In order to demonstrate the theoretical findings obtained using the multicomplex paradigm, the reception of signals from the four Galileo frequencies has been considered. An experimental setup involving four HackRF One front-ends (Ossmann 2024) has been implemented. The four HackRF One front-ends were connected to a multi-frequency GNSS antenna through a RF splitter. The antenna was placed under open sky static conditions. The four front-ends were synchronized through the procedure outlined by Bartolucci et al. (2016). The first front-end was equipped with a Temperature Compensated Crystal Oscillator (TXCO), which was shared with the other HackRF One devices through their clock ports. Moreover, the hardware trigger of the first front-end was shared with the other devices. In this way, synchronous data grabbing was implemented. Using this setup, it was possible to collect synchronous In-phase/Quadrature (IQ) data from the different Galileo frequency bands. A common sample frequency of 20 MHz was adopted. Each front-end was tuned on a different Galileo frequency. The data were stored to disk and processed using a custom Software Defined Radio (SDR) receiver developed in Python implementing the acquisition and tracking scheme derived using the multicomplex number paradigm.

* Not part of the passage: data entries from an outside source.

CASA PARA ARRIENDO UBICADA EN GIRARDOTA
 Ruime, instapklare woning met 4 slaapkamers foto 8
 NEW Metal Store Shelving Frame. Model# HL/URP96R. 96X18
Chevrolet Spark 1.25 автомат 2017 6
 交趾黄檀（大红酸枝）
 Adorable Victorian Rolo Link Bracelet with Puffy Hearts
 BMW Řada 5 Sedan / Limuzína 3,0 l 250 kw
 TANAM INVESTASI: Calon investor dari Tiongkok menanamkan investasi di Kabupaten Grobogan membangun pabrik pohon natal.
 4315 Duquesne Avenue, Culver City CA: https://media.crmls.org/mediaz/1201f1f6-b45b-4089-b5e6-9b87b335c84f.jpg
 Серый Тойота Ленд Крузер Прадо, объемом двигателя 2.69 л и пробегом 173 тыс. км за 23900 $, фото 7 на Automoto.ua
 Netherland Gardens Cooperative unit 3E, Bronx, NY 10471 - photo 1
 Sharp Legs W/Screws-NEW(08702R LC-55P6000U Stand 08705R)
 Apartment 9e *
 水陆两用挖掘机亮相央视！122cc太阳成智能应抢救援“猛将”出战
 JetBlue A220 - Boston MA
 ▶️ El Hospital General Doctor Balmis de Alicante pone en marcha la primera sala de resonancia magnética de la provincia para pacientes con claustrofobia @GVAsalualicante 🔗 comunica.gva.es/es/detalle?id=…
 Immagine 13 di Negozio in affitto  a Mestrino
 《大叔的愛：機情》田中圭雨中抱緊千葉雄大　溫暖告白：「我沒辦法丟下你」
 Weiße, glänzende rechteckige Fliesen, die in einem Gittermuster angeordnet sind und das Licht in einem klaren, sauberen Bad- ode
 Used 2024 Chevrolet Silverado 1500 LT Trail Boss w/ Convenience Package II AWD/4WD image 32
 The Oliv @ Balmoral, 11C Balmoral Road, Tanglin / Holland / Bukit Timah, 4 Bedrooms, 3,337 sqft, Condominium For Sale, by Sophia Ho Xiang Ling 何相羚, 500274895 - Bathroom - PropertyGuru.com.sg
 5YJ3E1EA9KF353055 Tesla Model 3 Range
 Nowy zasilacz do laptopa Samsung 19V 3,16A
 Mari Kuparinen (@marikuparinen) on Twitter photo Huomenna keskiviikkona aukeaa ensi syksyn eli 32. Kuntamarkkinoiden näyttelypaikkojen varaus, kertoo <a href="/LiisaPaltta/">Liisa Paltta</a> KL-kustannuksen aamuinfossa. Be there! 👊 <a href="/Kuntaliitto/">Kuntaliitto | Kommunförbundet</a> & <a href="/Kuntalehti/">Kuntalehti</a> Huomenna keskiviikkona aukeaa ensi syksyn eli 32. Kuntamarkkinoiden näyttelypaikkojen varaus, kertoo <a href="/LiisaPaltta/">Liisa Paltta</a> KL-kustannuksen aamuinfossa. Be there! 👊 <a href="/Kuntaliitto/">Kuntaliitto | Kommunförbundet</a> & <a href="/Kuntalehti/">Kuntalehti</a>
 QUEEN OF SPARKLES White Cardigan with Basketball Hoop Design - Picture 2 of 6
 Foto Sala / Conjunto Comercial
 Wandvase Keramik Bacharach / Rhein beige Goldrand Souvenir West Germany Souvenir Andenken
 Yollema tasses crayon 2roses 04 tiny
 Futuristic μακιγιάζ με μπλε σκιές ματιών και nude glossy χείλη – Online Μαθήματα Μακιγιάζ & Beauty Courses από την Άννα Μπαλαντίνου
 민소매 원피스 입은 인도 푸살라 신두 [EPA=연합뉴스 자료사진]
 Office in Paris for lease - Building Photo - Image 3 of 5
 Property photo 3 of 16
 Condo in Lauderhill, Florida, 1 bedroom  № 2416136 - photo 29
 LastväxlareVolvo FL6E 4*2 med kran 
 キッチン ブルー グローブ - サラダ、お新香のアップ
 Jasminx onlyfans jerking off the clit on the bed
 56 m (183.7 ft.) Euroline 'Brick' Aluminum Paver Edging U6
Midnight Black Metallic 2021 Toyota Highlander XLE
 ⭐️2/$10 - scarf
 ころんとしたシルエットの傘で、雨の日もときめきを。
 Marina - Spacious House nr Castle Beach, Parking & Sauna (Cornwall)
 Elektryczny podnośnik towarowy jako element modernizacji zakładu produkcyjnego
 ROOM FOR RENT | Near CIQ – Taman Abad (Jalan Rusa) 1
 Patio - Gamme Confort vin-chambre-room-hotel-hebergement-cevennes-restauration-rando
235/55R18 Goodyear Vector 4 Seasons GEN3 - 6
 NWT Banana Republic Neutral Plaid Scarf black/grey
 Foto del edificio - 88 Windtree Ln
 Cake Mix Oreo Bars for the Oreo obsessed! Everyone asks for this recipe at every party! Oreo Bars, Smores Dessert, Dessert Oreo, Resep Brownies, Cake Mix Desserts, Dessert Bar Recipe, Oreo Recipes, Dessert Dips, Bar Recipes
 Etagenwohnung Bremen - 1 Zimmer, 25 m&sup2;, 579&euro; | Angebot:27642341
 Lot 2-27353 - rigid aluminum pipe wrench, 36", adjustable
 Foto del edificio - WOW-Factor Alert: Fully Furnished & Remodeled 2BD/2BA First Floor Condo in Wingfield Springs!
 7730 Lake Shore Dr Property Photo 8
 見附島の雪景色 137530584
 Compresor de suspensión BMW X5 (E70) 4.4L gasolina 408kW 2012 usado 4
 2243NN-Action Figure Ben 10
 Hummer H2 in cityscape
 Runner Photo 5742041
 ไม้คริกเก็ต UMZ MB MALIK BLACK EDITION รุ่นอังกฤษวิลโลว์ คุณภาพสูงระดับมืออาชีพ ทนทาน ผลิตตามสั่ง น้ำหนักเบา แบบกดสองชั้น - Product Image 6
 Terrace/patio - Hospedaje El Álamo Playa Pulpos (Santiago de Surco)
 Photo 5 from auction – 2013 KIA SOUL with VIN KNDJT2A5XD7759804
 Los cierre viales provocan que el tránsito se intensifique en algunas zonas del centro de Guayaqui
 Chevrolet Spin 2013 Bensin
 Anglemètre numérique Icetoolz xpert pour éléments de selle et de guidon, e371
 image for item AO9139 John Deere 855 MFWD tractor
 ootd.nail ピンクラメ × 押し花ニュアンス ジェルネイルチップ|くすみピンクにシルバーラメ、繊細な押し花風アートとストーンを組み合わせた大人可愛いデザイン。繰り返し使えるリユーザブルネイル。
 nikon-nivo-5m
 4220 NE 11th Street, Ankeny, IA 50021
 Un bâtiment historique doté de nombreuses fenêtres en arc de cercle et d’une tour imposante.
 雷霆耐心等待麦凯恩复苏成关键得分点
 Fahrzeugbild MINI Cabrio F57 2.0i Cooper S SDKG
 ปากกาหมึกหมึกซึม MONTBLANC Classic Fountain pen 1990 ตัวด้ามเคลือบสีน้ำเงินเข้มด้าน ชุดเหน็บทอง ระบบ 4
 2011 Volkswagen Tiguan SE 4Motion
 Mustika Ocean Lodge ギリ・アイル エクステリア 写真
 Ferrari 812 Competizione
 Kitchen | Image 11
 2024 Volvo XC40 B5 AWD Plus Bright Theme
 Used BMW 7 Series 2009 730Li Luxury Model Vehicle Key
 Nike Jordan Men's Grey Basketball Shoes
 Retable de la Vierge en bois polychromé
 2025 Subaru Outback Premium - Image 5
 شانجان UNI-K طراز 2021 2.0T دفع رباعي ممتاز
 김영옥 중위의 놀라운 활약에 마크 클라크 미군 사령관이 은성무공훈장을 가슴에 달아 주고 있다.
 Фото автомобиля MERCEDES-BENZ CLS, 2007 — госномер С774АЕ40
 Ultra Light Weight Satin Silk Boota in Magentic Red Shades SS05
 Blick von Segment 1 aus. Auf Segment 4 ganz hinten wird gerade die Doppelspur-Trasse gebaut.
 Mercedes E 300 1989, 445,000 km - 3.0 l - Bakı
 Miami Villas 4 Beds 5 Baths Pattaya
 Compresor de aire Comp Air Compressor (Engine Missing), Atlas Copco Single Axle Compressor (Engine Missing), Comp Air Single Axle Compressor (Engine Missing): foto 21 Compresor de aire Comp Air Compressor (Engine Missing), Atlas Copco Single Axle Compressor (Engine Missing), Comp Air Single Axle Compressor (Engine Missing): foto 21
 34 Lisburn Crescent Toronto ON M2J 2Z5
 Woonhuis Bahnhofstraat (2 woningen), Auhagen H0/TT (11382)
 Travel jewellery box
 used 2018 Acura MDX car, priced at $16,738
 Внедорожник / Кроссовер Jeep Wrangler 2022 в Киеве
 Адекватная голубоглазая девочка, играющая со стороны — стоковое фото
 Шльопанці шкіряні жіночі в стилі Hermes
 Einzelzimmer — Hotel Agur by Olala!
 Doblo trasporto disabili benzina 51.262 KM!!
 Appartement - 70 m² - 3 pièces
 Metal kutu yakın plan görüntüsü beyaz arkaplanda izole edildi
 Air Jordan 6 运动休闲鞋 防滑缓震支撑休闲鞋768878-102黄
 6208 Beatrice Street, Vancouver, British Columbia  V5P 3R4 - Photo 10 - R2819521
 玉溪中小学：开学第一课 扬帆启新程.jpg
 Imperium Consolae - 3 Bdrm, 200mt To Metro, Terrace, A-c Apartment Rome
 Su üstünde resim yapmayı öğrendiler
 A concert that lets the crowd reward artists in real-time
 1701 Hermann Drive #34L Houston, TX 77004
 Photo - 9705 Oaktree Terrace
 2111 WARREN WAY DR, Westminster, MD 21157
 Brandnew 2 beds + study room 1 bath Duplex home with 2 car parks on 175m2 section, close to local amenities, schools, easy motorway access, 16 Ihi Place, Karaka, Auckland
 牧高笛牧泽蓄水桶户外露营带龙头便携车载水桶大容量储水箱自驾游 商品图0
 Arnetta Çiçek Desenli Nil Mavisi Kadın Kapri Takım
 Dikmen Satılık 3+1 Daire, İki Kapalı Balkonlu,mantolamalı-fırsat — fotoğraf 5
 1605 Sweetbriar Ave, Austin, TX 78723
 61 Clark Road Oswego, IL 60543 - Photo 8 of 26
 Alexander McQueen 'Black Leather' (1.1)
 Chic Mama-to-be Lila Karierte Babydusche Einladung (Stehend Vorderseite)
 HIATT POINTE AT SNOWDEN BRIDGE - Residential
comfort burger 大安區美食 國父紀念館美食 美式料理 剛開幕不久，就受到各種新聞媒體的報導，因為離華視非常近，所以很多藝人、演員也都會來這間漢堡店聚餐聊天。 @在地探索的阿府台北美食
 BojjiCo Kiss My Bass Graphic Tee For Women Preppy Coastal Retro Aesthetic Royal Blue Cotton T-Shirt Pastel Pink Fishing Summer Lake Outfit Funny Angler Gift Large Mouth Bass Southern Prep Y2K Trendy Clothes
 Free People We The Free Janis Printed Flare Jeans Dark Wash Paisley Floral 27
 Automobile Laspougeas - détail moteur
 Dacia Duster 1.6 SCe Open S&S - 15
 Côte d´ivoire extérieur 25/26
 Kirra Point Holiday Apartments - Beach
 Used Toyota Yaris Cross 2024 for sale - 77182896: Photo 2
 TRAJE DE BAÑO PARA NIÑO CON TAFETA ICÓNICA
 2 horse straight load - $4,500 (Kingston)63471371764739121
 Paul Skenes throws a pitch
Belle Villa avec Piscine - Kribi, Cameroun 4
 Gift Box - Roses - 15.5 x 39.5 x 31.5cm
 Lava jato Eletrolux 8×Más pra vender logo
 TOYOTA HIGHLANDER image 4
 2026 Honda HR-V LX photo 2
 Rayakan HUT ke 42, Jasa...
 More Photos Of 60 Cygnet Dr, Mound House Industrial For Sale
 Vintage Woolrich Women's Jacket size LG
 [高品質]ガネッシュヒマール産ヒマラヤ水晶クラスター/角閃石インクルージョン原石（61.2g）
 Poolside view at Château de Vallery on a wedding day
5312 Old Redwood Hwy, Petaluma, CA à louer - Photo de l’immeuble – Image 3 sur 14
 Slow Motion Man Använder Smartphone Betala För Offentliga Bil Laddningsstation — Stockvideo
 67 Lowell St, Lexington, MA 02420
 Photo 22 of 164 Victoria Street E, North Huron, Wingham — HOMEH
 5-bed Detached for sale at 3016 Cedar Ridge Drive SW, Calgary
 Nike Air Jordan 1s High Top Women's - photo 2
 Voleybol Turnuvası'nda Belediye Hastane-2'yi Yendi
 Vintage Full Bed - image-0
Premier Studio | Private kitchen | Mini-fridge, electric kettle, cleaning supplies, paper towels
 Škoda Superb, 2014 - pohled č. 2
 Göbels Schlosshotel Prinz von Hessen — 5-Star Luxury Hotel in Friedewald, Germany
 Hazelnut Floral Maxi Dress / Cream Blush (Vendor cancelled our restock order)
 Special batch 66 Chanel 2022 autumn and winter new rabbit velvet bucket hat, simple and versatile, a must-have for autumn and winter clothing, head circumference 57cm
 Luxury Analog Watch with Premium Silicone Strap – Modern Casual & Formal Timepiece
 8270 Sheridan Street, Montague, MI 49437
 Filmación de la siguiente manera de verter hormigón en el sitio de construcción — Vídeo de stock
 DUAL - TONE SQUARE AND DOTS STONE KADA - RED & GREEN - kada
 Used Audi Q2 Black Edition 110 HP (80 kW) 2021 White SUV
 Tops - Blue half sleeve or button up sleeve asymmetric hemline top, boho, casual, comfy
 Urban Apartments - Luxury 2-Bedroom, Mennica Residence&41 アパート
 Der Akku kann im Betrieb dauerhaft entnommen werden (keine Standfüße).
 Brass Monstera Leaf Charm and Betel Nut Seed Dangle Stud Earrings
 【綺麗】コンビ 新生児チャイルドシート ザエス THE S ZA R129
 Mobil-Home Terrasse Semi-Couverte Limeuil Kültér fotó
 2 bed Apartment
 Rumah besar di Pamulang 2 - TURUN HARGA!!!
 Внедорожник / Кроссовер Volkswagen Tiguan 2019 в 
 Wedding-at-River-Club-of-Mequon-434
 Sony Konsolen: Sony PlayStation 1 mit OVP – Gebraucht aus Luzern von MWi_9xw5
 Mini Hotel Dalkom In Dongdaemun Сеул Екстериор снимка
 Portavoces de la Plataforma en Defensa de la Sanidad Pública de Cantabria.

Since four signals were considered, a five-loop tracking architecture was implemented comprising a DLL, a PLL and three SPLLs. A single DLL was used to track the delay of the four single-band components. To avoid performance losses, a calibration stage, running during the first tracking epochs was also implemented to estimate and compensate for potential biases between the delays of the different channels. The PLL was used to track the common centre frequency whereas the three SPLLs tracked the three subcarriers.

Experimental results confirm the validity of the approach proposed that allows one to jointly track the different signal components. A complete description of the acquisition and tracking algorithm developed using multicomplex numbers will be provided in the final version of the paper.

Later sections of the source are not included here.